**Problem to solve:** Only the lines from the one with "ראוטר נתב סלולרי" through the final line below belong in the answer, copied exactly and without pictures.

**Data for processing:**
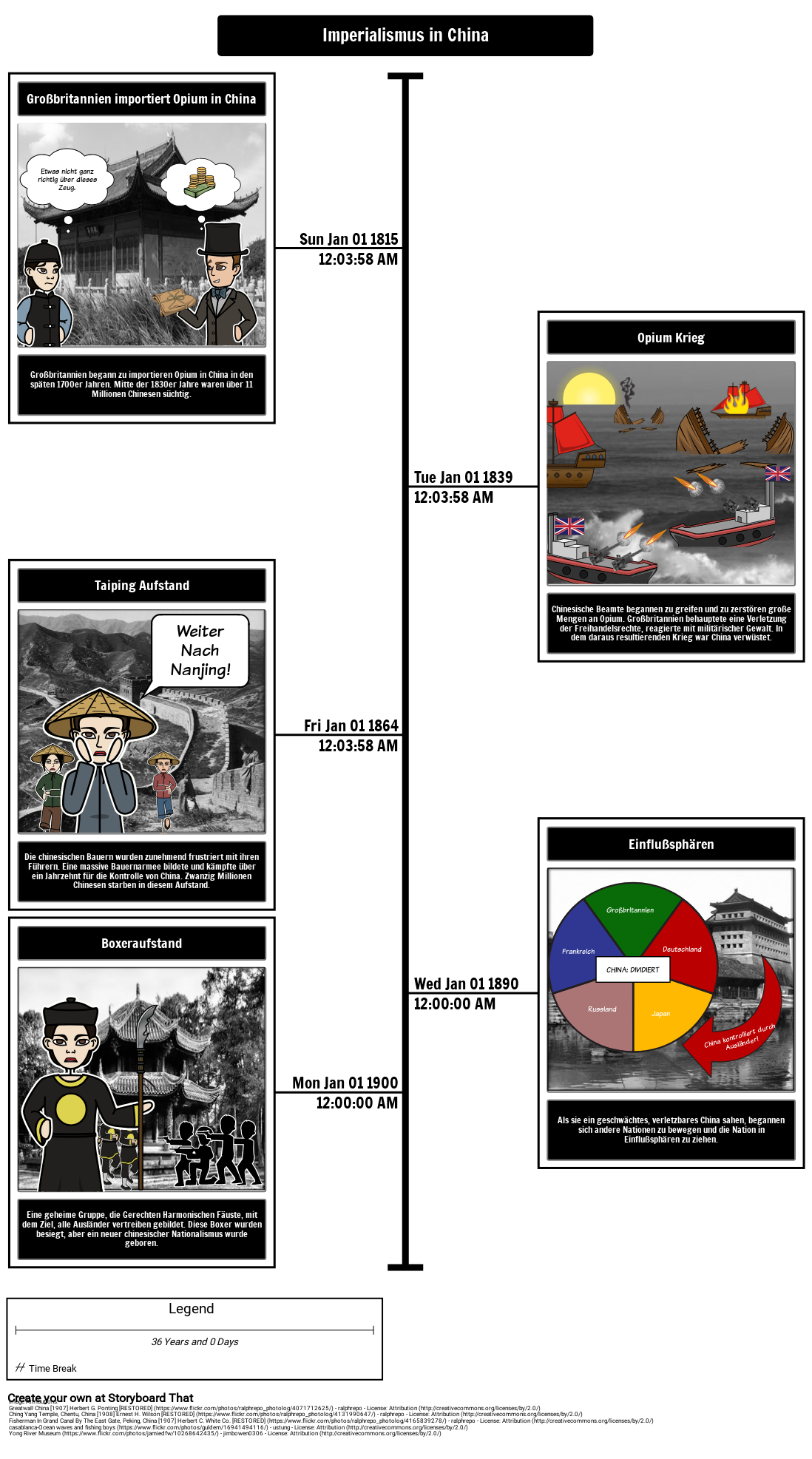 Imperialismus in China Storyboard by de-examples
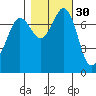 Marrowstone Island tide chart for Wednesday, October 30, 2024
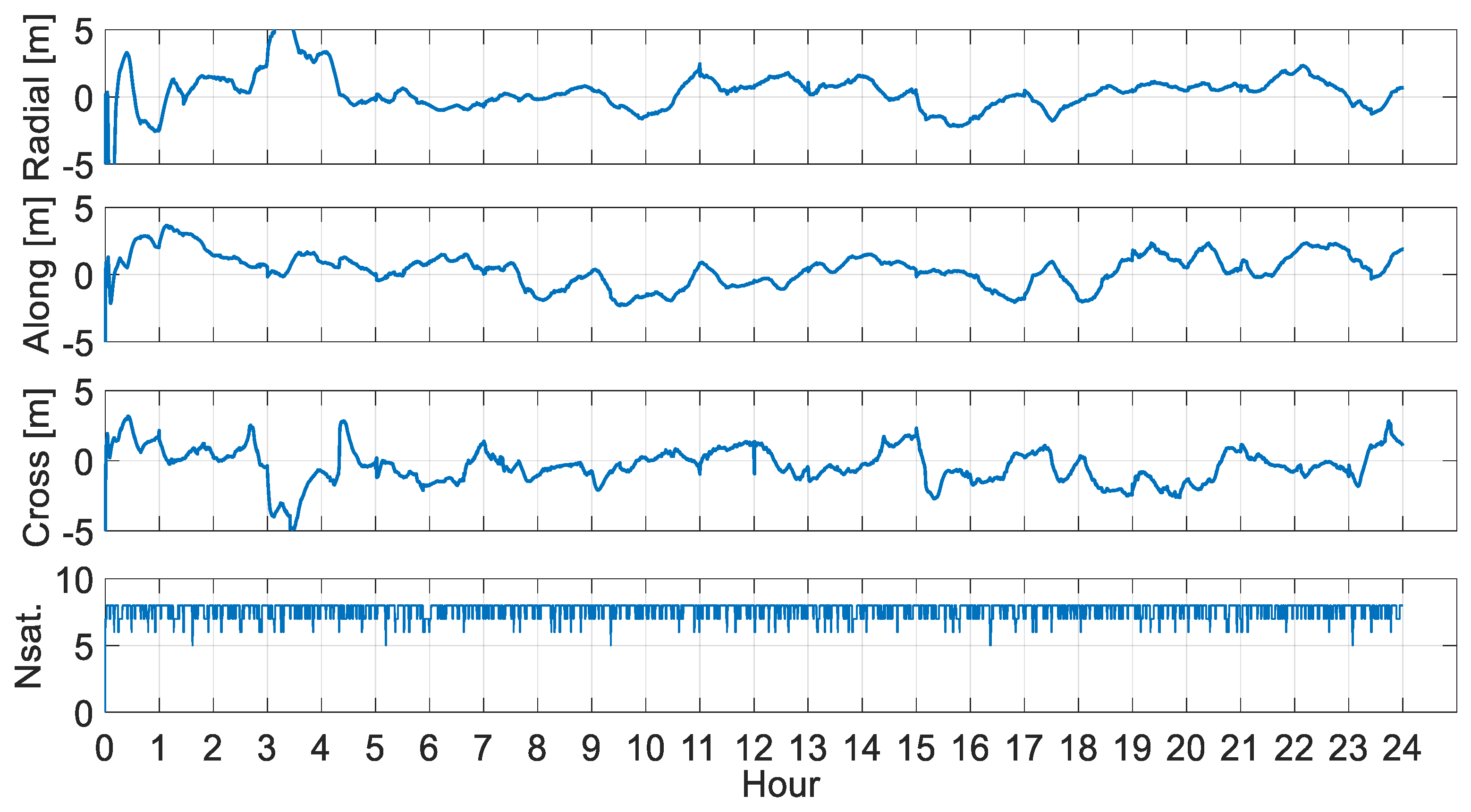 Remotesensing 14 02273 g002 Remotesensing 14 02273 g002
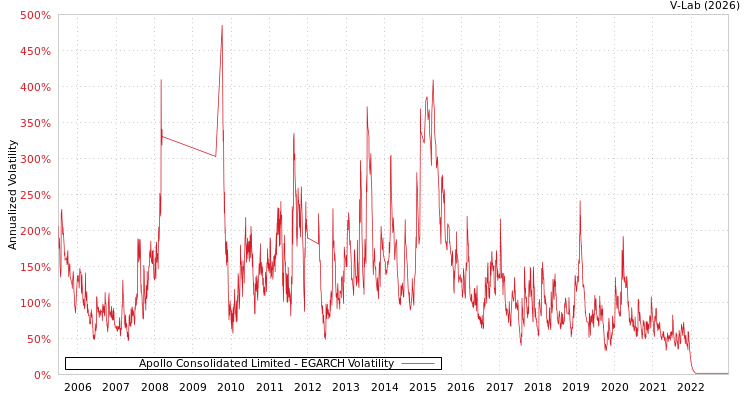 graph of Apollo Consolidated Limited EGARCH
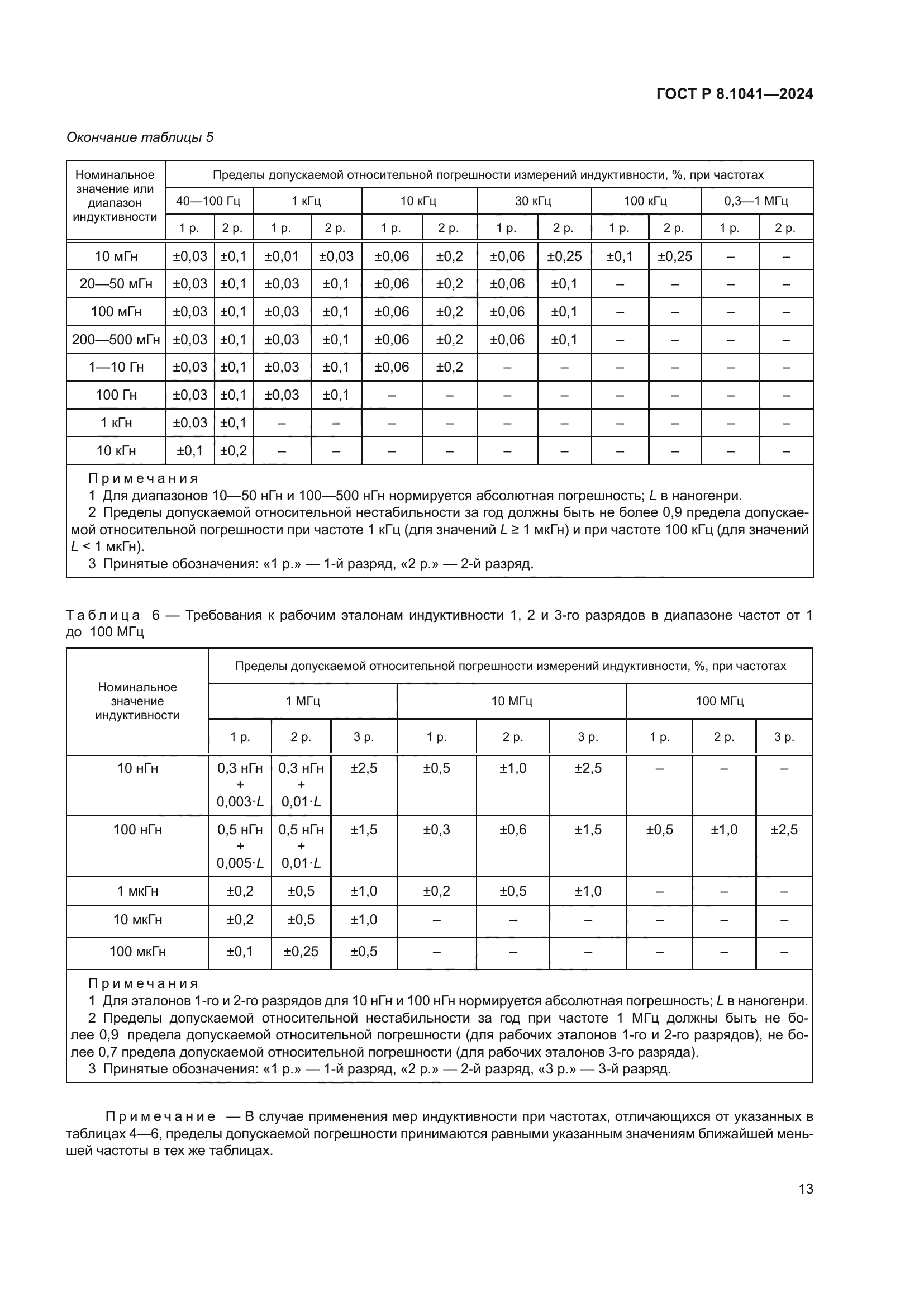 ГОСТ Р 8.1041-2024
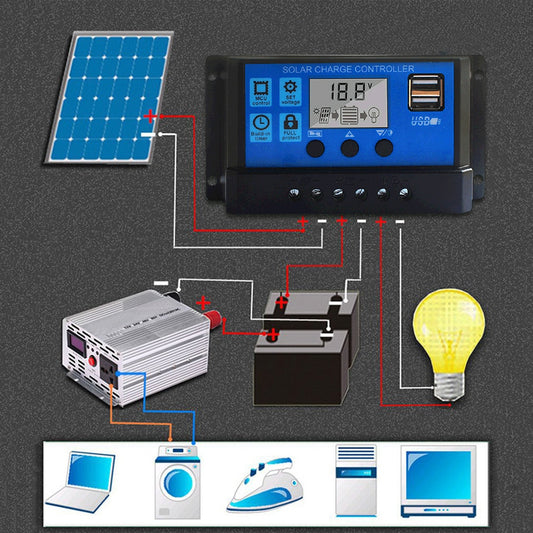 100A Solar Charge Controller Solar Panel Controller 12V/24V Adjustable LCD Display Solar Panel Battery Regulator with USB Port - lebenoutdoors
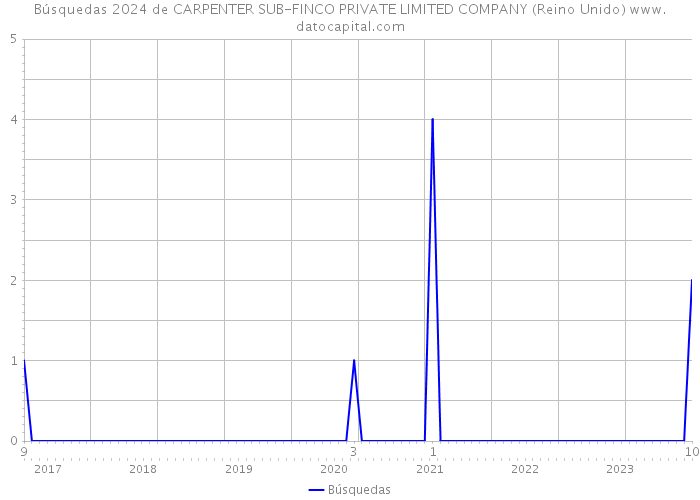 Búsquedas 2024 de CARPENTER SUB-FINCO PRIVATE LIMITED COMPANY (Reino Unido) 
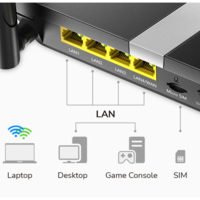 ראוטר נתב סלולרי קודי Cudy 4G LTE AC1200 Dual-Band Wi-Fi LT500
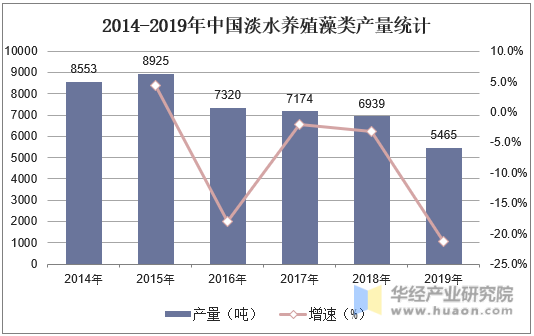 2014-2019年中国淡水养殖藻类产量统计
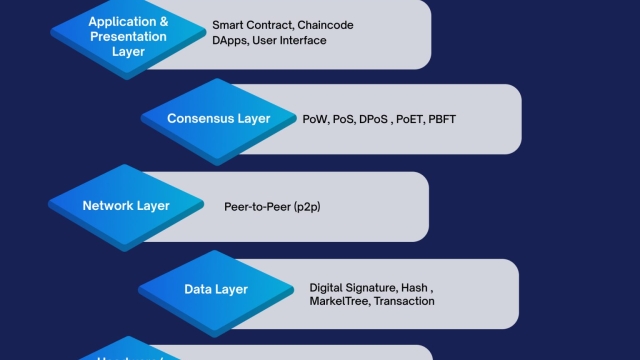 Unlocking Profit Potential: The Rise of Crypto Prop Firms in the Digital Age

**Expected answer:**
 ראוטר נתב סלולרי קודי Cudy 4G LTE AC1200 Dual-Band Wi-Fi LT500
 2014-2019年中国淡水养殖藻类产量统计
 Unlocking Profit Potential: The Rise of Crypto Prop Firms in the Digital Age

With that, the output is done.